Jul 31

Eye drops – a medicinal product or a medical device?

Diagnosing an issue
A while ago I translated a user information document on eye drops called X. Since I didn’t want the text to be too repetitive in terms of using the product’s proper name, I asked a project manager what determiner I should use: a product, a drug or perhaps something else? After checking with the client, it turned out that these particular eye drops were… a medical device and under no circumstances should be referred to as a “medicinal product”. I had a closer look at the medicinal product vs. medical device classification and here’s what I found out.

A device – not necessarily electronic
The phrase “medical devices” isn’t only limited to “electronic medical devices”, yet there’re many Polish translations where this phrase is translated literally, suggesting that a product is an “electronic device” when it’s, for example, a hip implant. A more appropriate and a neutral term would be “wyrób”. Medical devices cover a broad range of products, with about 300,000 products currently on the market compared to “just” 4,000 medicinal products. “Medical devices” may include products formulated as tablets, capsules or drops, which, I suppose, can be the most problematic to decipher, as we tend to associate such formulations with “medicinal products” rather than the former.

In the European Union a “medicinal product” is defined as follows:
“(a) Any substance or combination of substances presented as having properties for treating or preventing a disease in human beings; or
(b) Any substance or combination of substances which may be used in or administered to human beings either with a view to restoring, correcting or modifying physiological functions by exerting a pharmacological, immunological or metabolic action, or to making a medical diagnosis.’”

The definition of a “medical device” states:
“A “medical device” means any instrument, apparatus, appliance, software, material or other article, whether used alone or in combination, together with any accessories, including the software intended by its manufacturer to be used specifically for diagnostic and/or therapeutic purposes and necessary for its proper application, intended by the manufacturer to be used for human beings for the purpose of:
diagnosis, prevention, monitoring, treatment or alleviation of disease,
— diagnosis, monitoring, treatment, alleviation of or compensation for an injury or handicap,
— investigation, replacement or modification of the anatomy or of a physiological process,
— control of conception,
and which does not achieve its principal intended action in or on the human body by pharmacological, immunological or metabolic means, but which may be assisted in its function by such means;(…)”

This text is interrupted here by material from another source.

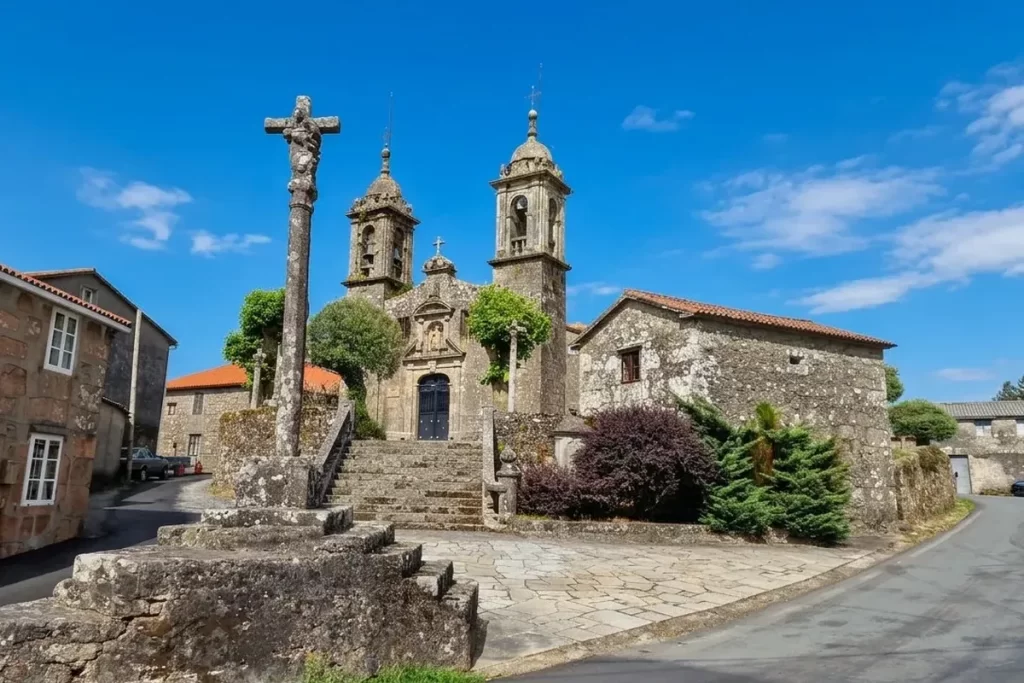 Iglesia de Cacheiras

Similarities and differences
As you can see, the similarities between the two terms pertain to their purpose which is to treat, prevent or diagnose a disease. Medical devices also have an additional role of alleviating a medical condition.
The fundamental difference between medicinal products and medical devices lies in their mode of action. Medicinal products’ mode of action is pharmacological, immunological or metabolic, while medical devices work through non-pharmacological, non-immunological and non-metabolic mechanisms and their function is achieved by physical means.

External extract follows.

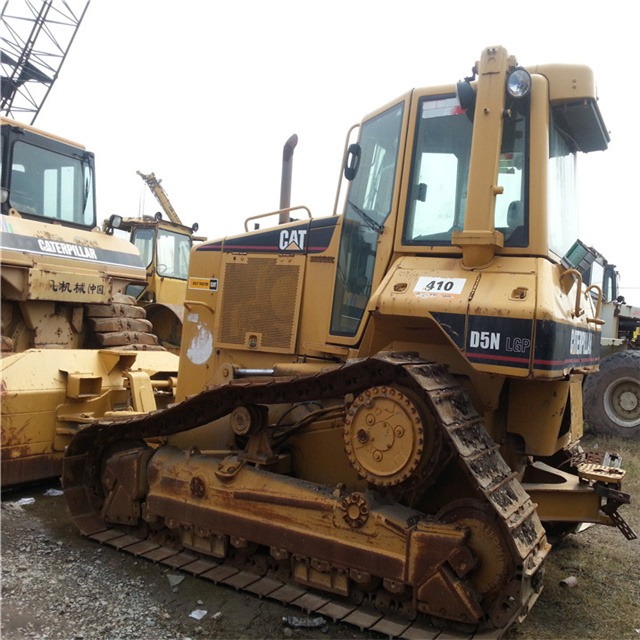 Big nice track CAT Mini Dozer D5N used Bulldozer with ripper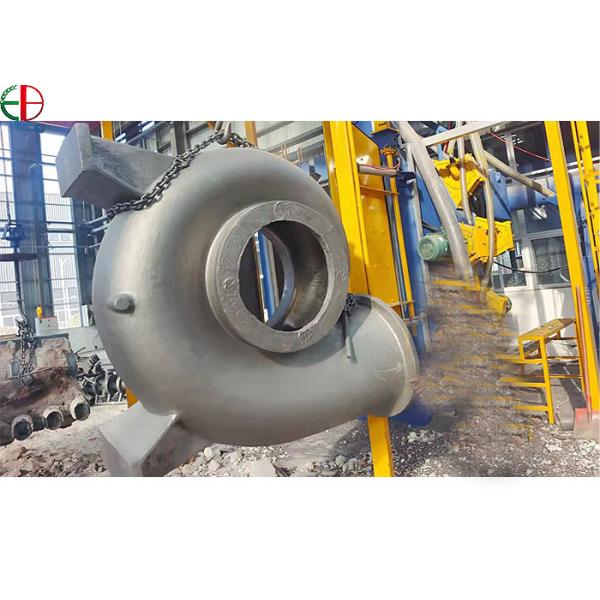 EB Precision Casting Personalized CT5 For Industry Investment Volute Pump Case Casting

A medicinal product or a medical device? Guess!
Here’s a list of some products. Can you try and guess whether they’re a MP or a MD?
Artificial tears
Cardiovascular Stent
Implanted Urinary Continence Device
Pregnancy test
Surgical gloves
Vaniqa 11.5% cream
Alcohol and artificial tears can be classified both as a medicinal product or a medical device, Vaniqa is a medicinal product and the remaining products are classified as medical devices. It is always best to ask when translating.

More on differences
The differences between medical devices and medicinal products go much further. MPs are evaluated for safety and efficacy in randomised clinical trials, while the process for MDs seems to be less stringent, with clinical investigations required for devices of the highest risk, for example implants.
Medicinal products are approved by a competent authority which grants a marketing authorisation after a review of the documentation submitted by the applicant (most often a pharmaceutical company). With medical devices, it’s the manufacturer who’s responsible for assessing the risk.
Medicinal products can only be prescribed or dispensed by a licensed doctor or a pharmacist. With medical devices, this requirement is non-existent. Doctors must determine themselves if they are qualified enough to implant a cardiovascular stent, and it’s safe to assume that a GP would not undertake this procedure.
Another difference between these two classes is in the monitoring of their safety after launching them on the market. While for MPs there is the pharmacovigilance system is place, for MDs there’s very little or no post-marketing data.

To sum this up, medical devices and medicinal products differ in the following respects: MDs are a much diverse group of products, while MPs are more innovative. MDs are generally more durable than MPs. The main difference between them is in their mode of action. Medicinal products are heavily regulated and assessed in clinical trials and for medical devices there isn’t one regulatory body.